Nationality Act of 1940
- Long title: An Act to revise and codify the nationality laws of the United States into a comprehensive nationality code.
- Enacted by: the 76th United States Congress
- Effective: October 14, 1940

Citations
- Public law: Pub. L. 76–853
- Statutes at Large: 54 Stat. 1137, Chap. 876

Legislative history
- Introduced in the House as H.R. 9980 by Samuel Dickstein (D–NY) on June 5, 1940; Committee consideration by U.S. House Committee on Immigration and Naturalization, U.S. Senate Committee on Immigration and Naturalization; Passed the House on September 11, 1940 (Passed); Passed the Senate on September 30, 1940 (Passed); Reported by the joint conference committee on October 1, 1940; agreed to by the Senate on October 4, 1940 (Agreed) and by the House on October 4, 1940 (Agreed); Signed into law by President Franklin D. Roosevelt on October 14, 1940;

United States Supreme Court cases
- Perez v.
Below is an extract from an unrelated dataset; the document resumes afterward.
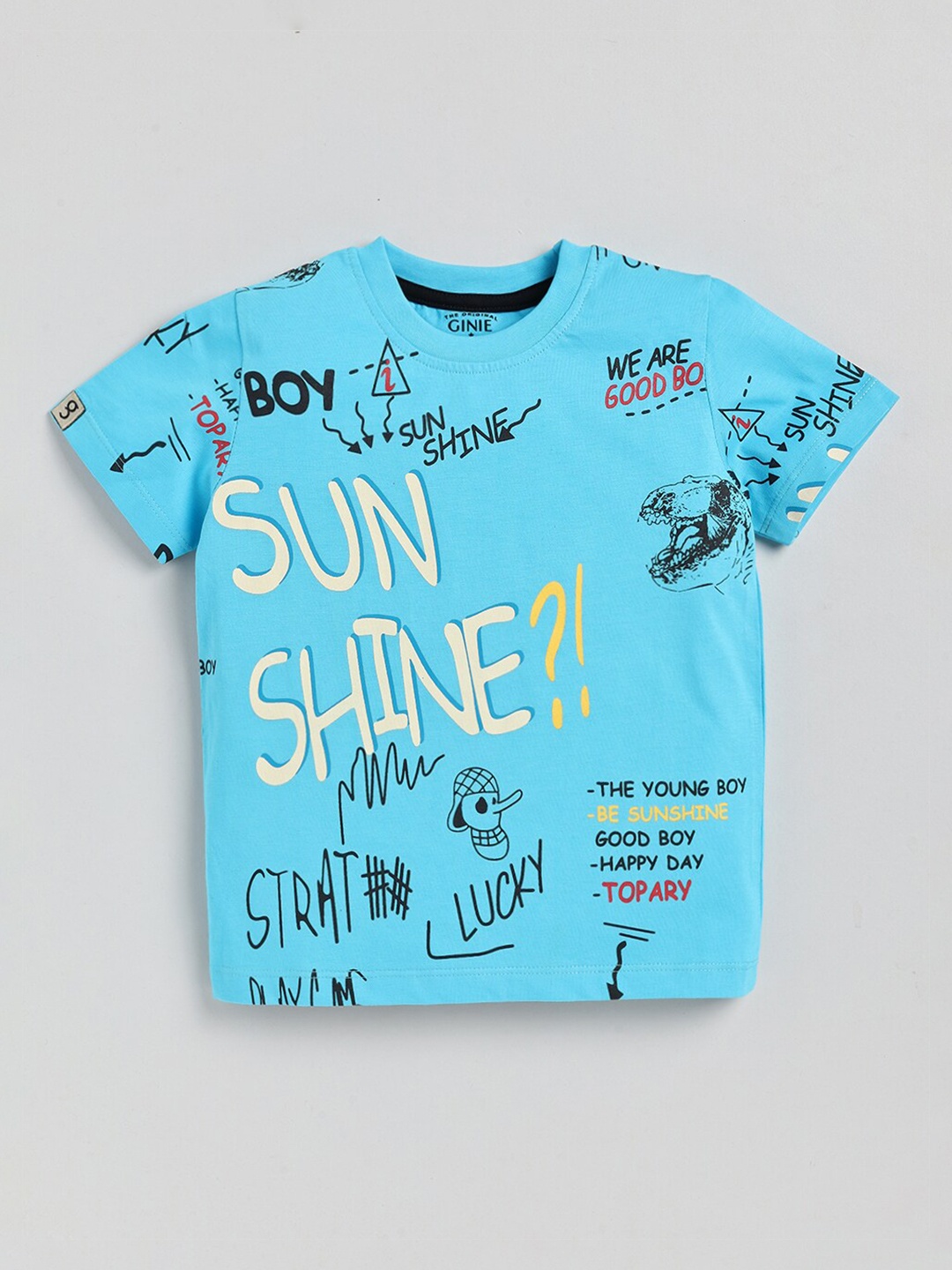 

Ginie Boys Typography Printed Pure Cotton T-shirt, Blue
Brownell, 356 U.S. 44 (1958); Trop v. Dulles, 356 U.S. 86 (1958); Afroyim v. Rusk, 387 U.S. 253 (1967);

= Nationality Act of 1940 =

United States Act of Congress

The Nationality Act of 1940 (H.R. 9980; Pub.L. 76-853; 54 Stat. 1137) revised numerous provisions of law relating to American citizenship and naturalization. It was enacted by the 76th Congress of the United States and signed into law on October 14, 1940, a year after World War II had begun in Europe, but before the U.S. entered the war.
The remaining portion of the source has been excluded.